In het tweede deel lag de focus op kinderen met systemische auto-immuunziekten die werden behandeld met Rituximab. RTX is een biologic uit de groep B celremmers. Dit geneesmiddel schakelt bepaalde witte bloedcellen (B cellen) tijdelijk uit (“B cel depletie”). Na JIA is systemische lupus erythematosus de meest voorkomende reumatische ziekte bij kinderen. Het is een ernstige, chronische systemische auto-immuunziekte, die ontstekingen in verschillende organen kan veroorzaken. Het ziektebeeld is vergelijkbaar met SLE die op de volwassen leeftijd begint, maar verloopt vaak ernstiger bij kinderen. In hoofdstuk 6 wordt een overzicht gegeven van de farmacokinetiek (PK) en de farmacodynamiek (PD) van RTX bij kinderen met verschillende systemische auto-immuunziekten. De relatie tussen de RTX-spiegels in het bloed, de aanwezigheid van RTX ADAs, B cel depletie en anafylactische reacties werd beschreven. In hoofdstuk 7 werden de PK-PD van RTX bestudeerd bij 52 kinderen met immuun-gemedieerde ziekten.
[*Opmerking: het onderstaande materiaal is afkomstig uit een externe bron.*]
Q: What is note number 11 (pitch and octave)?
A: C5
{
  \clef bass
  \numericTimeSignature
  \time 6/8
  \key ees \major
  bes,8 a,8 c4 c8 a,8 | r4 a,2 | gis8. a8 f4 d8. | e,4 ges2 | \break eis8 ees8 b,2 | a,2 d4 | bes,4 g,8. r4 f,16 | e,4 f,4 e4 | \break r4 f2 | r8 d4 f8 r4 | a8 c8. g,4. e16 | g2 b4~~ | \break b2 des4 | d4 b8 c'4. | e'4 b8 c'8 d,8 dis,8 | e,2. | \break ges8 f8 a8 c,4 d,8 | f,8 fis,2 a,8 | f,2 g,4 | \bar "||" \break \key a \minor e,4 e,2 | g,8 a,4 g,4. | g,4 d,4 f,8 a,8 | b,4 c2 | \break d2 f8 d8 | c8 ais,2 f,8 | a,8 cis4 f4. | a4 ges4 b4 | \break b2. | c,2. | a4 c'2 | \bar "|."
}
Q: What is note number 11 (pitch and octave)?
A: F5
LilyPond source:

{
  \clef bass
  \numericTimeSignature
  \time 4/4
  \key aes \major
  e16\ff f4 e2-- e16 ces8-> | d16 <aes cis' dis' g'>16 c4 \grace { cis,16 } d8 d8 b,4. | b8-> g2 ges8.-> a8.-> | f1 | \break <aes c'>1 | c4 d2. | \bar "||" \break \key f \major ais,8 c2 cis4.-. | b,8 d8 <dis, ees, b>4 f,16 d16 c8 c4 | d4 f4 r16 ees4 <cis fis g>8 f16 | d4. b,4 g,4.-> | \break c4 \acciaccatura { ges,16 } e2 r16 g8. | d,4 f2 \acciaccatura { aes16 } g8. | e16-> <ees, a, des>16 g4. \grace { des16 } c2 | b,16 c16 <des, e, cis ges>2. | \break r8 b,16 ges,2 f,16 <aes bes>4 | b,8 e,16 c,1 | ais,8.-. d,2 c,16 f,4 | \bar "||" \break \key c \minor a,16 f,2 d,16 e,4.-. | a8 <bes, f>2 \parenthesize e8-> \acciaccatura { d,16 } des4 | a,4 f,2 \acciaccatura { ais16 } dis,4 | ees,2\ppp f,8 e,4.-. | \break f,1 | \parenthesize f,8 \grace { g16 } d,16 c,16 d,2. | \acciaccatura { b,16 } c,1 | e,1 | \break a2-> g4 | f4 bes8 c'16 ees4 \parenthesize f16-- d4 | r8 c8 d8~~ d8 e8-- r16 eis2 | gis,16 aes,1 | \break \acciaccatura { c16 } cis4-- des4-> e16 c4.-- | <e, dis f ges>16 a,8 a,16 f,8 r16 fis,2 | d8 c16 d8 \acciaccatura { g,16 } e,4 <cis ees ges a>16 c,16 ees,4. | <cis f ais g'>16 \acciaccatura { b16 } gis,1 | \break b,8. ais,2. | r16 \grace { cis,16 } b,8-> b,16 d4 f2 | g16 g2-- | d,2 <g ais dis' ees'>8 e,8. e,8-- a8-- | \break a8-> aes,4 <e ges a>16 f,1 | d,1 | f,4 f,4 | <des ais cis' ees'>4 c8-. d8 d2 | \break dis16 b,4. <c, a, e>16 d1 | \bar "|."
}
Eerst analyseerden we de B cel depletie en de tijd tot re-populatie (herstel van aantal B cellen). Het meten van de depletie en re-populatie van B cellen kan nuttig zijn bij het maken van gepersonaliseerde behandelplannen, door de RTX-infusieschema’s hierop aan te passen. We rapporteerden ook de frequentie en ernst van infecties na RTX en bestudeerden de associatie met immunoglobulineniveaus na RTX. Hoofdstuk 8 is een retrospectieve cohortstudie die werd uitgevoerd bij 23 kinderen met B cel-gemedieerde auto-immuunziekten. De verdeling van de subsets (“subtypes”) van B cellen in het perifere bloed van deze kinderen werd beschreven vóór RTX-behandeling en na re-populatie van B cellen. Veranderingen in de samenstelling van de B cel subsets na behandeling met RTX zijn beschreven in onderzoeken met volwassenen, maar er is weinig bekend over veranderingen in de B cel subsets bij kinderen na behandeling met RTX. Wij vonden na RTX een verhoogd percentage naïeve B cellen en een verlaagd percentage ‘non-switched’ en ‘switched’ memory-B cellen, wat in theorie zou kunnen wijzen op een minder ontwikkeld immuunsysteem en dus een mogelijke verhoogde gevoeligheid voor infecties.